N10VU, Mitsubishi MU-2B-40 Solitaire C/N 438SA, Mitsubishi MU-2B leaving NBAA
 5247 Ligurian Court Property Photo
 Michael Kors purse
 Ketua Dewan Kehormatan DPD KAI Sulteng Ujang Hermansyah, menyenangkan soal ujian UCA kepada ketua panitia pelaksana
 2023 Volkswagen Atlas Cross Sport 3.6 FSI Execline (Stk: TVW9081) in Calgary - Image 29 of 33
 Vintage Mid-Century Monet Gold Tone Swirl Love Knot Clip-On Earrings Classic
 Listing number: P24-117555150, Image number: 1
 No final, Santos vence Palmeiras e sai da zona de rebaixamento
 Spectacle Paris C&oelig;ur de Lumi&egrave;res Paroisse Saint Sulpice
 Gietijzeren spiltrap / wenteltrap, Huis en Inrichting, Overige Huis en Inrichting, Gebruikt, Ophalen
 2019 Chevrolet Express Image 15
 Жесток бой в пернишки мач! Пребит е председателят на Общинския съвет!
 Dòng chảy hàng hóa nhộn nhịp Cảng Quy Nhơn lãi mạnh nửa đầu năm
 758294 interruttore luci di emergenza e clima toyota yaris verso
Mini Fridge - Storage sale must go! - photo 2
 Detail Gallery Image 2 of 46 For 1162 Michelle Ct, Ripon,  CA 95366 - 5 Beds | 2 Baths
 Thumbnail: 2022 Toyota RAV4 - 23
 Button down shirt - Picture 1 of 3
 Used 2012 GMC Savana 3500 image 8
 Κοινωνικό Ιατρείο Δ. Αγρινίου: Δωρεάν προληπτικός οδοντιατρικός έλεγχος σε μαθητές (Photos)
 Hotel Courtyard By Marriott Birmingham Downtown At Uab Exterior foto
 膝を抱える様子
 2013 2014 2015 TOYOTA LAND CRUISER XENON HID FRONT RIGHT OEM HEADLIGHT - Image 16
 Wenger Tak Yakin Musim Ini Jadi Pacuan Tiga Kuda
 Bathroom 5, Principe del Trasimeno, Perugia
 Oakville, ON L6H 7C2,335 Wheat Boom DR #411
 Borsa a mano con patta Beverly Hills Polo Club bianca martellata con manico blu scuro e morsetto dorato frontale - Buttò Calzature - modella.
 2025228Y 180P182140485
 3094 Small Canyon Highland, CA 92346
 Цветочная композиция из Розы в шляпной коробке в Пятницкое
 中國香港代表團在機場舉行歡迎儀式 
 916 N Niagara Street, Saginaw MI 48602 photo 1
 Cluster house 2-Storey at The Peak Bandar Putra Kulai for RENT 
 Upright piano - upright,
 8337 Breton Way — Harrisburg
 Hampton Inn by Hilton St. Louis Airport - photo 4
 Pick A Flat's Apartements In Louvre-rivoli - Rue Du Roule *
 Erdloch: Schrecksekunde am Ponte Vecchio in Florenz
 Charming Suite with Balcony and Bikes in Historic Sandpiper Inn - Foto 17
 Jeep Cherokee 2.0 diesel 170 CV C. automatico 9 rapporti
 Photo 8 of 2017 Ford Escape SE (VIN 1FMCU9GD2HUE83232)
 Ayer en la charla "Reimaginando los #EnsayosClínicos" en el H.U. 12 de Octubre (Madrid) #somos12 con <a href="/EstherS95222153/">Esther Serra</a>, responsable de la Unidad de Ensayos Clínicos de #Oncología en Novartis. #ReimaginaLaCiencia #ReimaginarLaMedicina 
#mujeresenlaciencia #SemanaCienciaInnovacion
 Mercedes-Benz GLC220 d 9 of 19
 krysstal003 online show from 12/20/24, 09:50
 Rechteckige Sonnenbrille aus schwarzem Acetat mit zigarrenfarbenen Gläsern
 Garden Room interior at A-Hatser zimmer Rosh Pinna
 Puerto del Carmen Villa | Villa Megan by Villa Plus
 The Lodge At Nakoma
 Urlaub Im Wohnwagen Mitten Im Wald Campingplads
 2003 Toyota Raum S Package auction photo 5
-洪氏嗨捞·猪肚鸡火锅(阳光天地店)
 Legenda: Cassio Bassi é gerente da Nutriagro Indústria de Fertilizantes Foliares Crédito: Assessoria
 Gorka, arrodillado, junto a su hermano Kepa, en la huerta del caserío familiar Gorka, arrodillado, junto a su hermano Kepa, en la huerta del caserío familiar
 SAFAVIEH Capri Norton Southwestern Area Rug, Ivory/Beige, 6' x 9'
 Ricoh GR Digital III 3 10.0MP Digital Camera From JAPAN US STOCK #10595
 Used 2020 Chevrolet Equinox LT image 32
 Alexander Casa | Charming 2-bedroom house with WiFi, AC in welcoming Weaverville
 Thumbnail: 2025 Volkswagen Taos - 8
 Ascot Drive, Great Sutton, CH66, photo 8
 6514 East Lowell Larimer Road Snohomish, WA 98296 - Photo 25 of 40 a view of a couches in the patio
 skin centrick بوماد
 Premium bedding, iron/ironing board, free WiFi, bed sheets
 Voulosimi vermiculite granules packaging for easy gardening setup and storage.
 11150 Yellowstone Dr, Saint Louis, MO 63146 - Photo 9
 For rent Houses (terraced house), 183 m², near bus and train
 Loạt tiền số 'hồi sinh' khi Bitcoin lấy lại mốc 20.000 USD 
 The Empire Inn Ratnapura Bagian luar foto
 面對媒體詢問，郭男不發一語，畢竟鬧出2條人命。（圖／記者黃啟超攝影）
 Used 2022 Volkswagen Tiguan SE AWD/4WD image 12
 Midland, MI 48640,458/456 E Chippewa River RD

::::::

Return only the number of lines in the data that contain "WiFi".

→ Answer: 2